1953 film by Gordon Douglas

So This Is Love (subtitled The Grace Moore Story) is a 1953 American musical drama film directed by Gordon Douglas, based on the life of singer Grace Moore. The film stars Kathryn Grayson as Moore, and Merv Griffin as her boyfriend Buddy. The story chronicles Moore's rise to stardom from 1918 to February 7, 1928, when she made her debut at the Metropolitan Opera House.

==Plot==
Grace Moore (Kathryn Grayson) dreams of being a great opera singer. She starts out singing at a nightclub, where she meets her boyfriend Buddy (Merv Griffin). She takes singing lessons, and Buddy pressures her to marry him and move out of the city. Grace, however, cannot give up on her career.

At one point her dreams may be dashed, as poor singing instruction has inflamed her vocal cords. Under the direction of a new, better voice coach, she is told to rest and not speak for three months. She does so, but Buddy Nash marries another woman while Grace is secluded in a cabin.

Upon Grace's return to New York City, she is able to sing again and continues her lessons.
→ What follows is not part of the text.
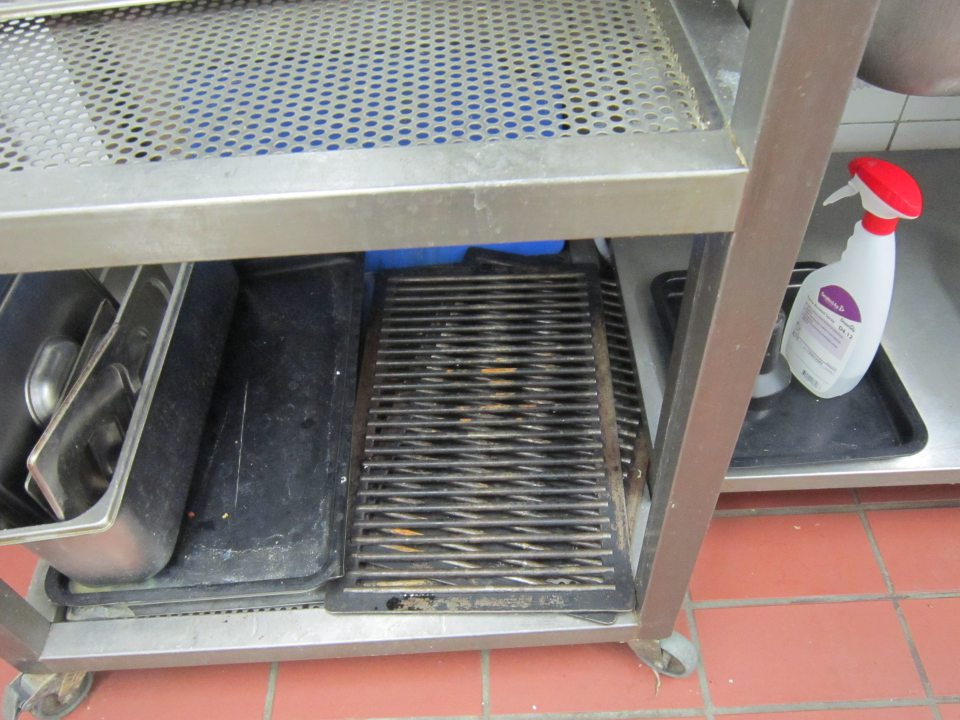 V prípravovni lahôdkárskych výrobkov na stojane slúžiaceho na odkladanie umytých pracovných pomôcok a náradia uložené skorodované  rošty.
She is hired as an understudy in a musical and takes over when the leading lady (Marie Windsor) falls ill. Grace's performance impresses the producers so much that she is made a star on Broadway. Her next boyfriend, Bryan Curtis (Douglas Dick), dates her for two years before insisting they marry, to which Grace agrees.
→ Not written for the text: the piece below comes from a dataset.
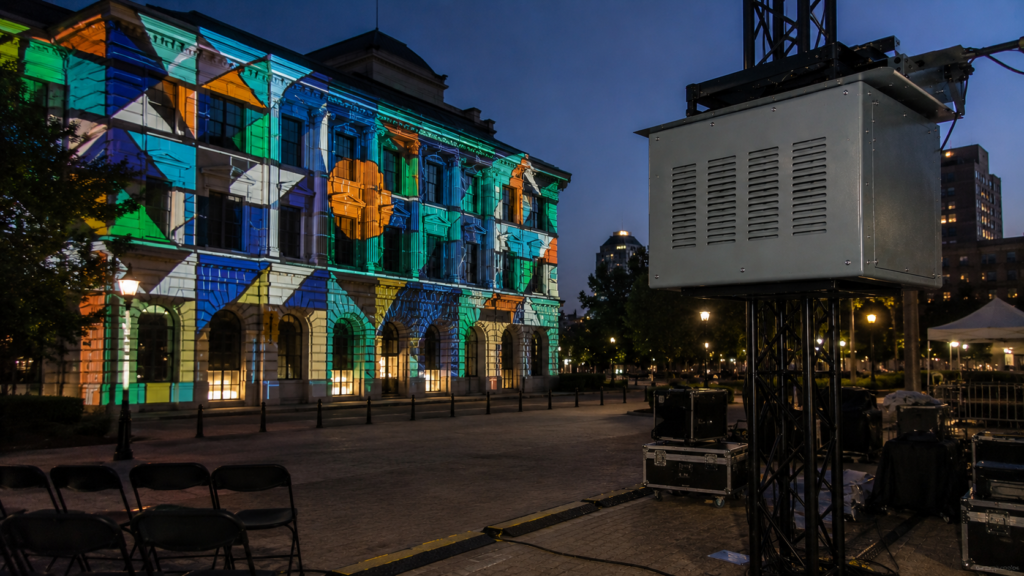 Climate controlled projector enclosure mounted on truss for building projection mapping on an outdoor facade.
When Grace auditions for the Metropolitan Opera, she is told that she lacks experience and that her youth, charm and voice are better suited to musical comedies. She wagers Otto Kahn (Roy Gordon), the Manager of Metropolitan Opera, that she will perform there within two years. She quits her musical contract and books passage to Europe in order to get better vocal training. Bryan says he cannot compete with her dream and ends their engagement.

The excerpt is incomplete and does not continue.